Print the data below exactly as it stands, and keep the pictures out.

Image-text web data
****************************************

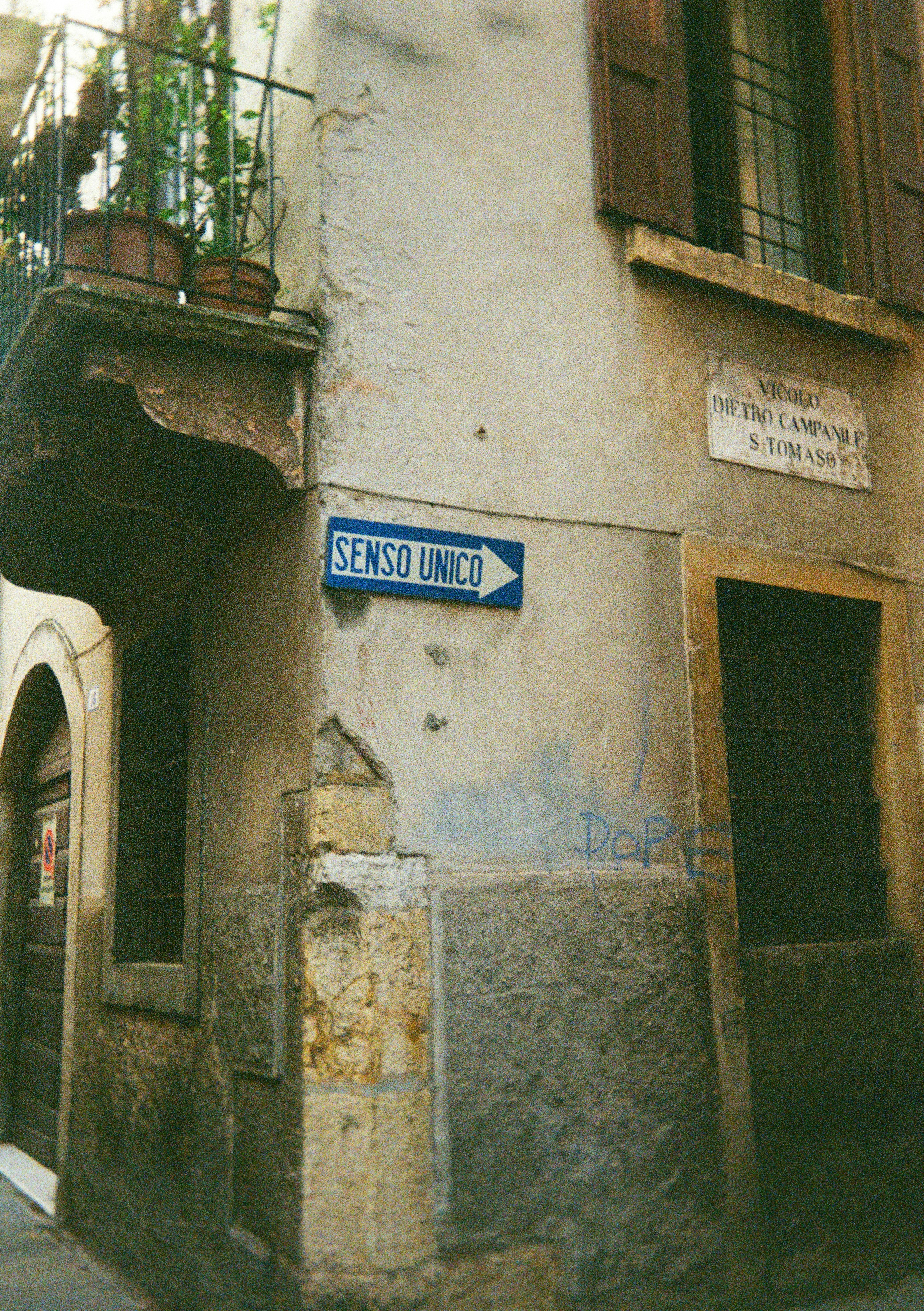Angolo della strada con insegna blu "senso unico"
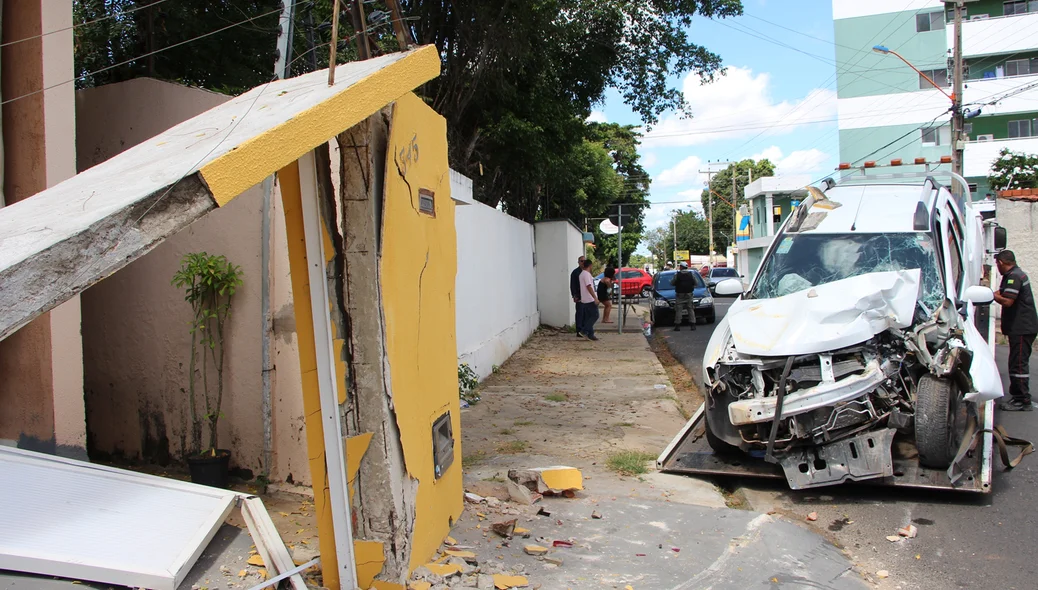 Colisão destruiu fachada da casa
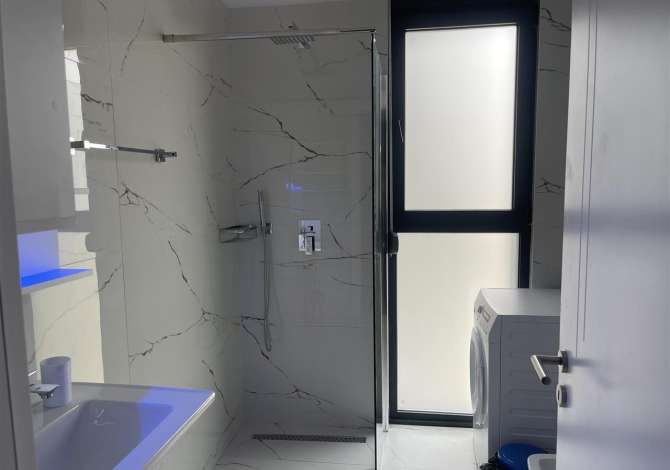 Shtepi me qera Apartament ne Tirane, 1+1, Mobilimi E mobiluar, Pagesa 500  Euro.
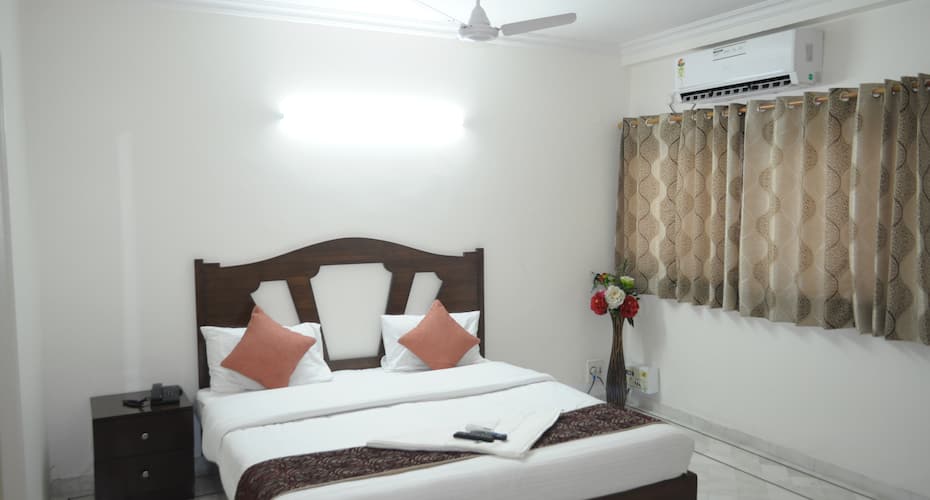 Namaste Bnb & Service Apartments, New Delhi 4
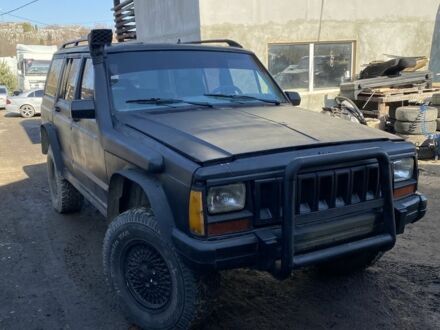 Джип Cherokee 1996 у Турке на Automoto.ua Чорний Джип Cherokee, об'ємом двигуна 2.1 л та пробігом 300 тис. км за 2200 $, фото 1 на Automoto.ua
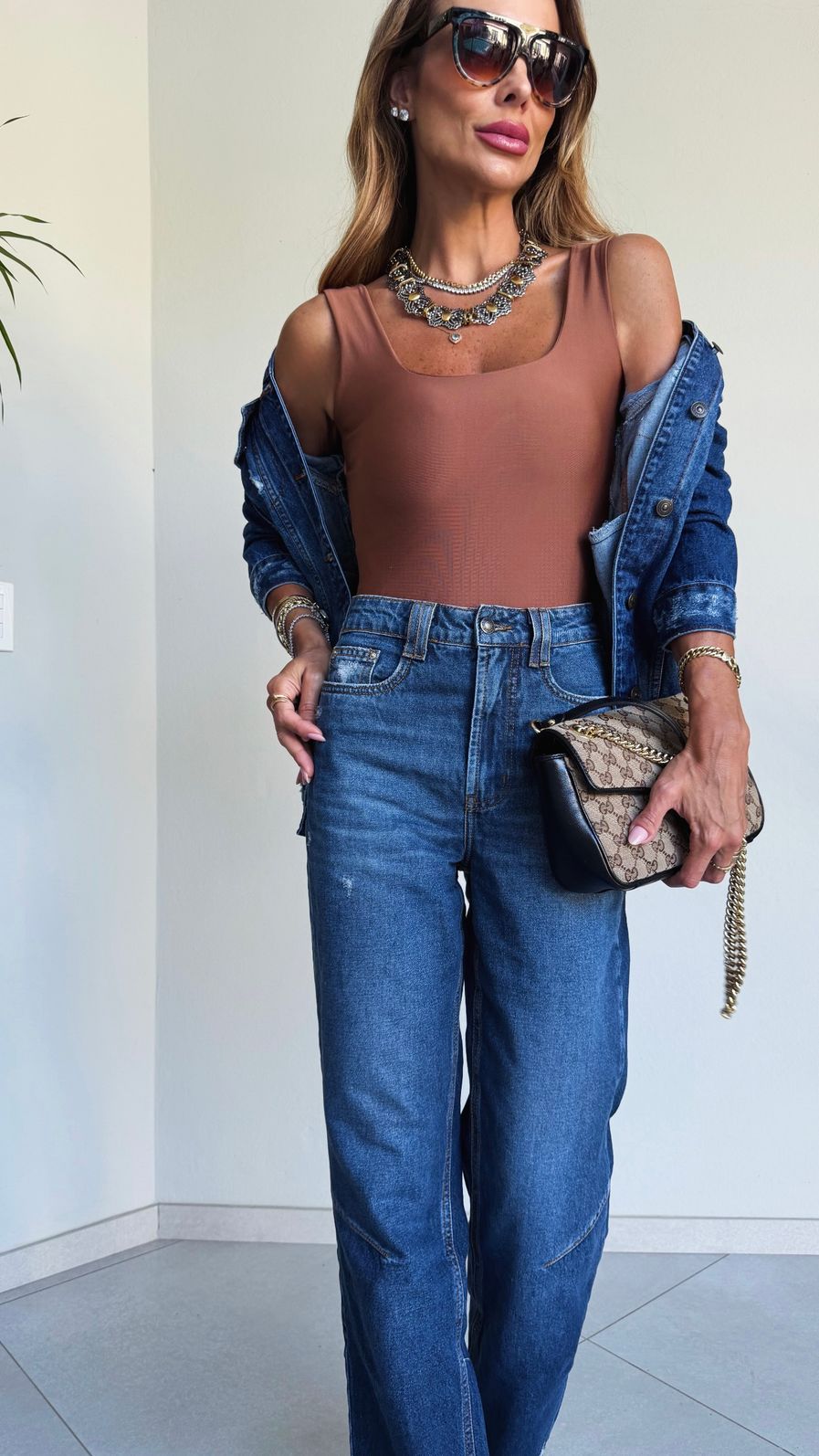 Body Regata Decote Quadrado em Suplex Premium cor Marrom Body Regata Decote Quadrado em Suplex Premium cor Marrom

****************************************

TASK SOLUTION:
Angolo della strada con insegna blu "senso unico"
 Colisão destruiu fachada da casa
 Shtepi me qera Apartament ne Tirane, 1+1, Mobilimi E mobiluar, Pagesa 500  Euro.
 Namaste Bnb & Service Apartments, New Delhi 4
 Джип Cherokee 1996 у Турке на Automoto.ua Чорний Джип Cherokee, об'ємом двигуна 2.1 л та пробігом 300 тис. км за 2200 $, фото 1 на Automoto.ua
 Body Regata Decote Quadrado em Suplex Premium cor Marrom Body Regata Decote Quadrado em Suplex Premium cor Marrom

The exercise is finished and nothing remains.